Corruption is taking a toll. The United Nations puts its annual cost at $3.6 trillion—about five percent of global GDP. That’s almost twice the GDP of Brazil.
The consequences for economic growth and for the welfare of ordinary people are severe – and no country is immune. This is a global crisis, and billions of people are worse off for it. We need to act.
The G20 Anti-Corruption Action Plan (2019-2021) is a good place to start. It’s a consensus statement from the G20 that anti-corruption measures are critical to economic prosperity everywhere, and it gives concrete guidance on how to fight back.
Using the G20 Plan as a framework, I see three core areas in which accountants are especially well-positioned to tackle corruption in all of its pervasive forms.

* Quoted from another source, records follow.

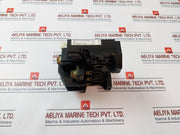 Fuji Electric Tr-6N Thermal Overload Relay 125A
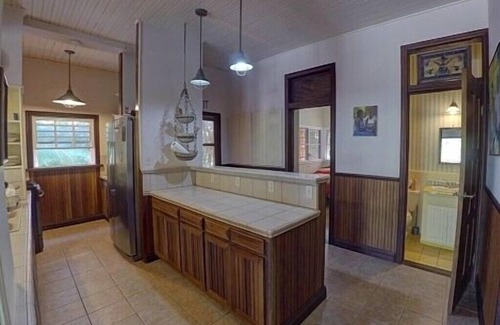 Placencia House | Cozy 2BR Beachfront Best Location for Long Stays
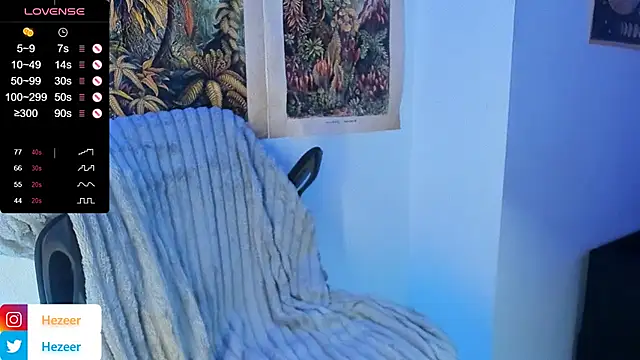 Musculus6 online show from January 17, 2025, 3:23 am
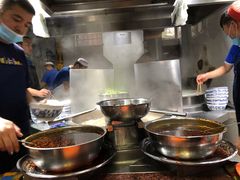 -清真白建强牛肉面(金雁花园店)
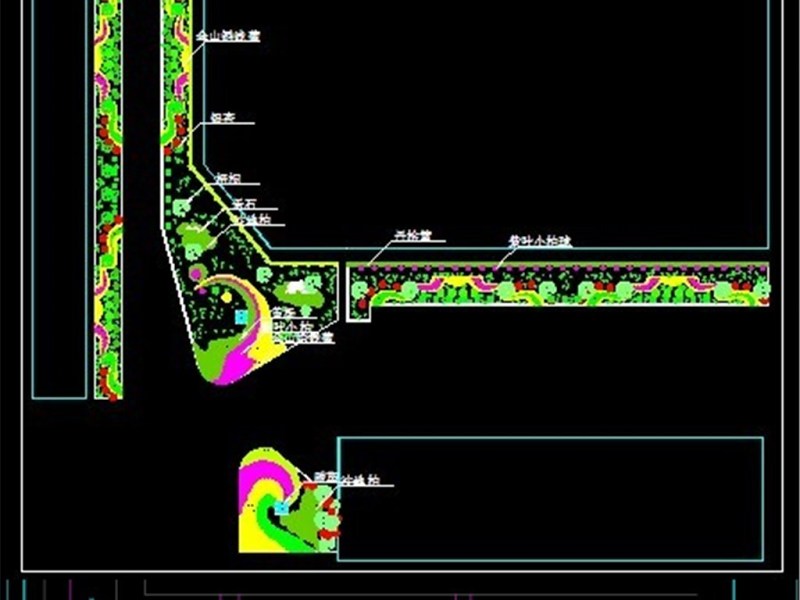 原创50套工厂工业园规划<a href=https://www.yitu.cn/su/7558.html target=_blank class=infotextkey>绿化</a>CAD-版权<a href=https://www.yitu.cn/su/7381.html target=_blank class=infotextkey>可商用</a>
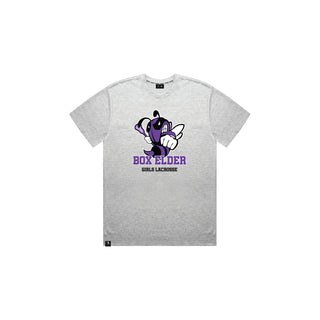 Bees Lacrosse Tee
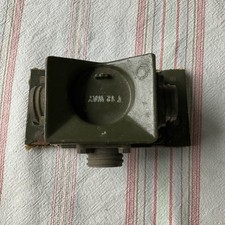 Larkspur Military Radio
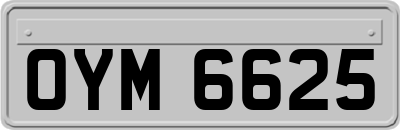 OYM6625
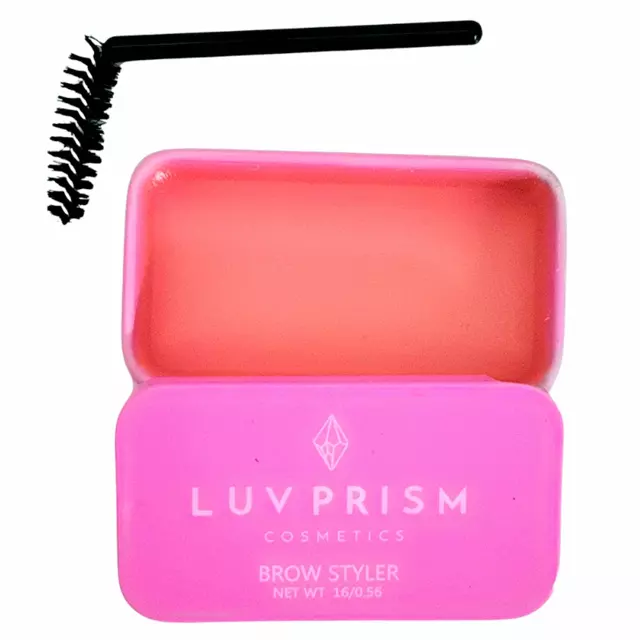 Luv Prism Cosmetics Brow Styler - Wholesale 5 Units (LPBROSTY)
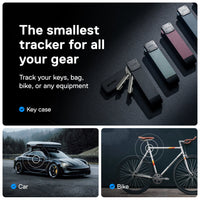 Tracker Tag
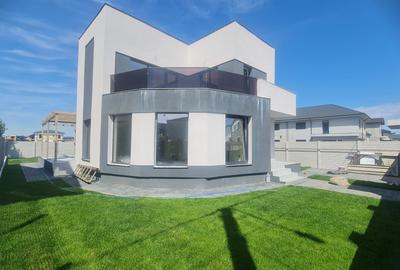 CASA LA CHEIE ! MODERNA - 1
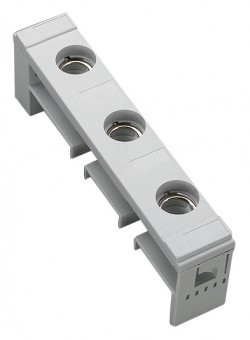 Soclu sigurante D02 sistem60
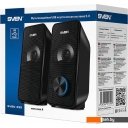 Мультимедиа акустика SVEN 335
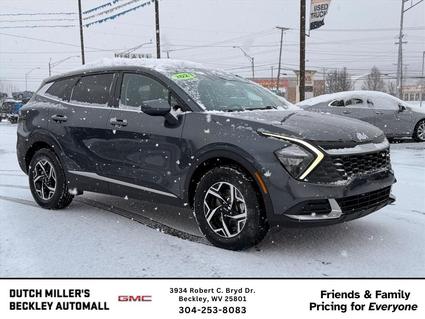 2023 Kia Sportage Beckley WV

First, anti-money laundering. Financial institutions usually have been the target of anti-money laundering policies, but non-financial business and professions, including the accountancy profession, are also in the fray.

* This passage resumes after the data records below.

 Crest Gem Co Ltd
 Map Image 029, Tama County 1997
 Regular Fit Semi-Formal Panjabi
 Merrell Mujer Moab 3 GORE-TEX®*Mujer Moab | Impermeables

IFAC supports the work of the Financial Action Task Force, among other national and international bodies, including FATF’s recommendations to bring accountants into the AML framework. Of course, we need the implementation to be smart and effective, but we believe that the FATF recommendations give national policy makers sufficient flexibility to make this work.
It’s worth expanding the discussion of money laundering to larger issues of financial crime. Criminals in the digital age are more prolific and tech-savvy than ever. As a result, all financial crimes, including money-laundering, are getting harder to prevent or discover.
Professional accountants should see the immense value in developing high-technology skillsets to help their organizations meet legal obligations and protect their resources.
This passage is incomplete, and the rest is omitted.